En ce qui concerne le Liban, je rencontrerai mon homologue libanais à Washington lundi. La France entretient avec ce pays une relation particulière, y compris au plan militaire. Je connais très bien le général Kahwagi, que je rencontre régulièrement. Au sein de la FINUL, la force française au Liban, qui comprend près de 900 soldats, représente d'une certaine manière une assurance pour les Libanais.

En ce qui concerne les fusiliers marins, je préfère appréhender la problématique globalement, en incluant les commandos de l'air et, plus largement, tous les militaires chargés de la protection des emprises militaires. Ces composantes ont largement diminué depuis de nombreuses années, notamment dans le cadre de la RGPP, qui a été appliquée dans un autre contexte sécuritaire. Aujourd'hui, nous devons remonter en puissance, car notre dispositif n'est plus du tout adapté. De ce fait, les unités sont en surchauffe. Or, plus il y a surchauffe, moins on fidélise le personnel, et moins on le fidélise, plus il faut recruter. Nous devons briser ce cercle vicieux.
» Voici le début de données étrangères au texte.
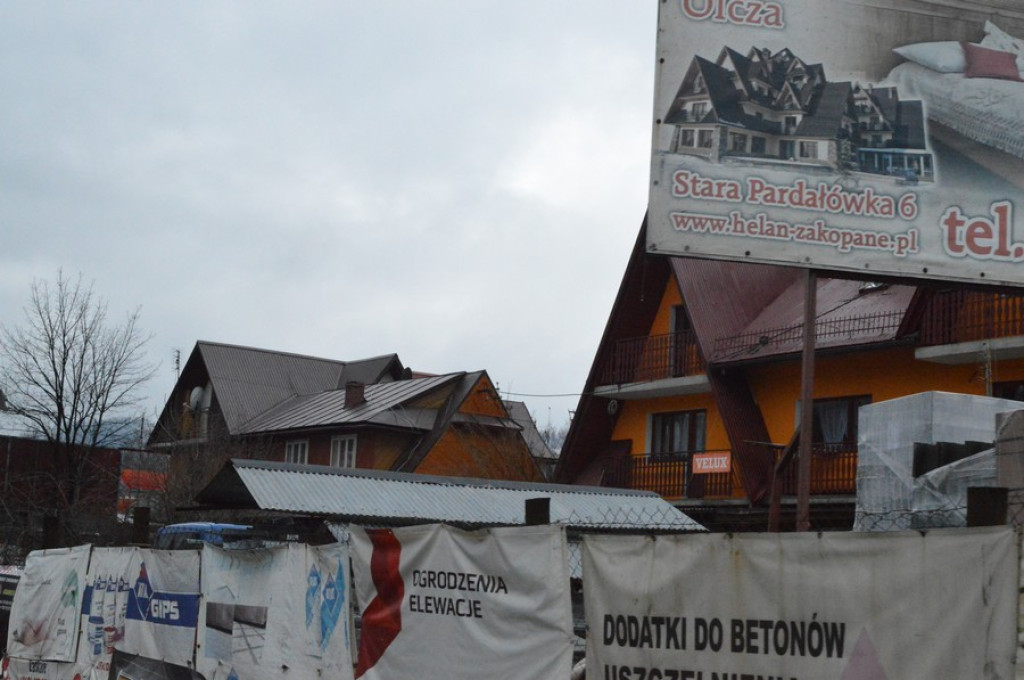 Galeria pełna reklam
Ainsi, nous voulons augmenter d'environ 600 le nombre des fusiliers marins – nous avons obtenu les effectifs –, mais nous devons également garder ceux qui sont en poste. Nos fusiliers marins et nos commandos de l'air doivent atteindre un niveau d'effectifs qui leur permette de ne plus être en suractivité. J'y suis extrêmement attaché, car je ne dissocie pas le dispositif Sentinelle de la protection de nos emprises ; c'est une même problématique.